▸ Activity
Only one stretch of the material below is wanted: everything from the line containing "This helps allow" down to the line containing "The bar path", both ends included. Repeat it exactly and skip the pictures.

▸ Entries supplied
# # # # #
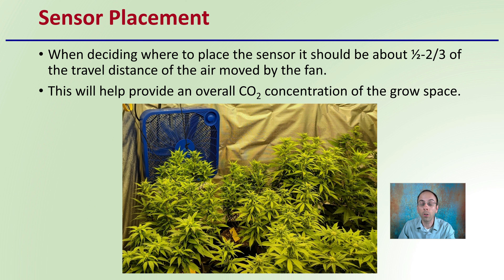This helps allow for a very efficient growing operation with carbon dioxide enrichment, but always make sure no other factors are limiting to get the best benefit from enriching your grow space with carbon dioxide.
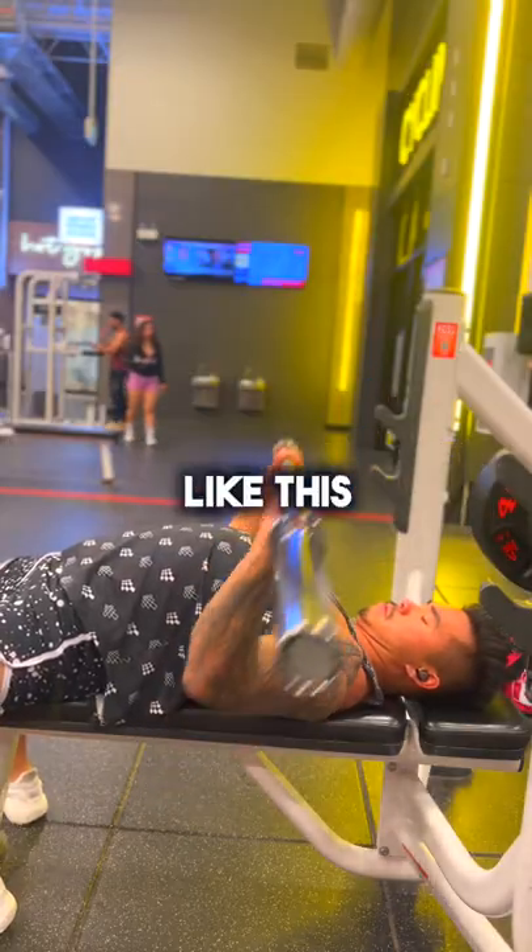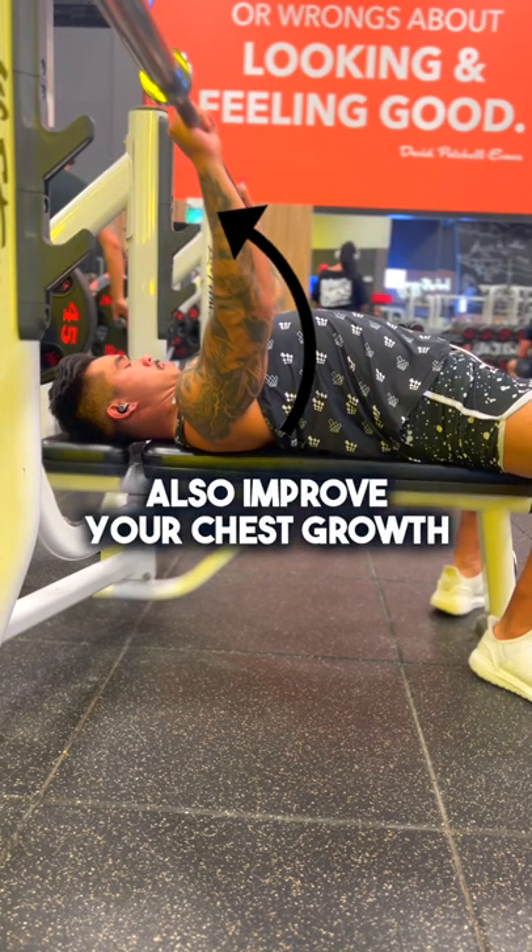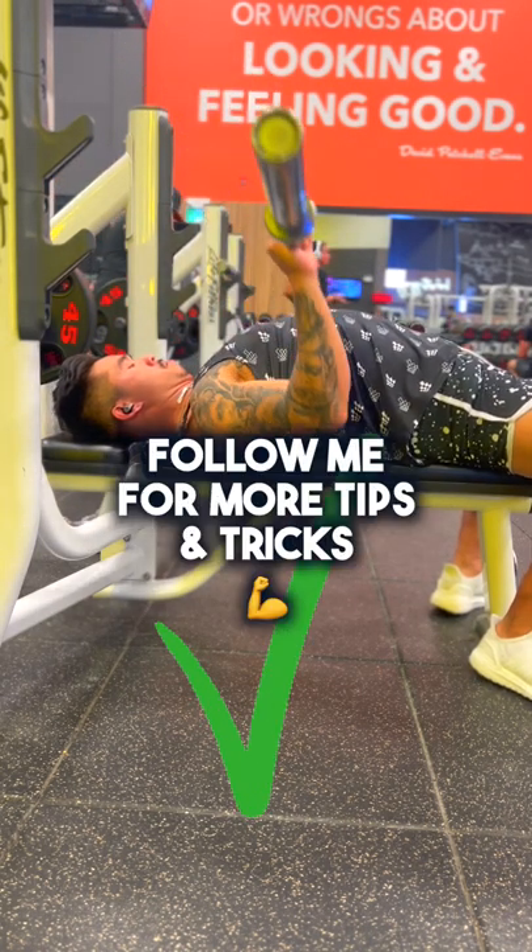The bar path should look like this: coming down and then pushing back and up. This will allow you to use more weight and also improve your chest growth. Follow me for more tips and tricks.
# # # # #
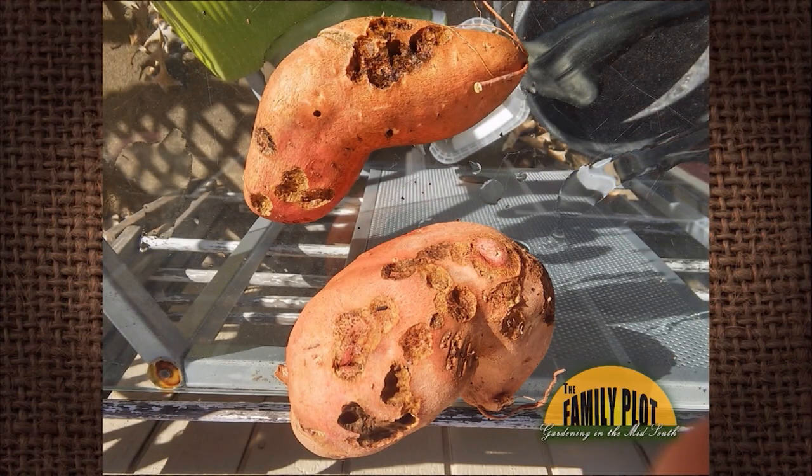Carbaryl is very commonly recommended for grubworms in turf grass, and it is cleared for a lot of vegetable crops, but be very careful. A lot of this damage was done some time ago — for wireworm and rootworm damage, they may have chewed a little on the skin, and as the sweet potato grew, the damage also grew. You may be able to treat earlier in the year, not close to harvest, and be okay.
# # # # #
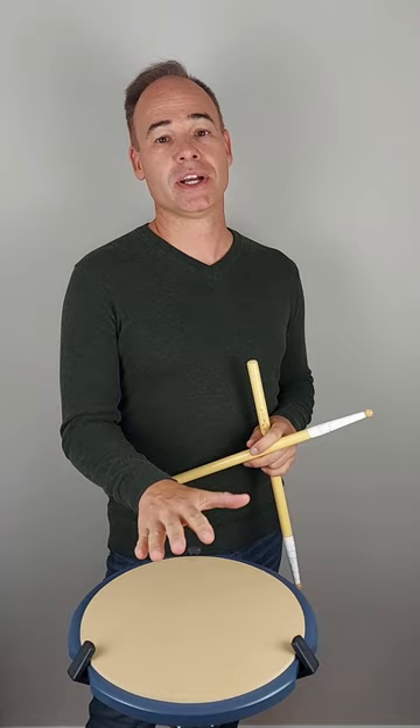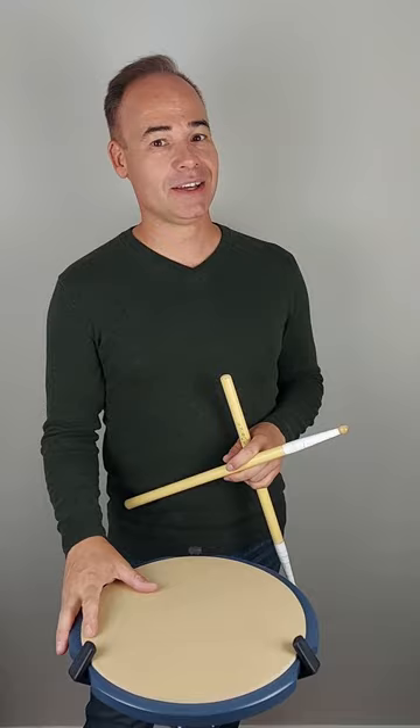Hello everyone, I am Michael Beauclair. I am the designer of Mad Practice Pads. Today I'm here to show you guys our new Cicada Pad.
# # # # #
▸ Response to this task
This helps allow for a very efficient growing operation with carbon dioxide enrichment, but always make sure no other factors are limiting to get the best benefit from enriching your grow space with carbon dioxide.
The bar path should look like this: coming down and then pushing back and up. This will allow you to use more weight and also improve your chest growth. Follow me for more tips and tricks.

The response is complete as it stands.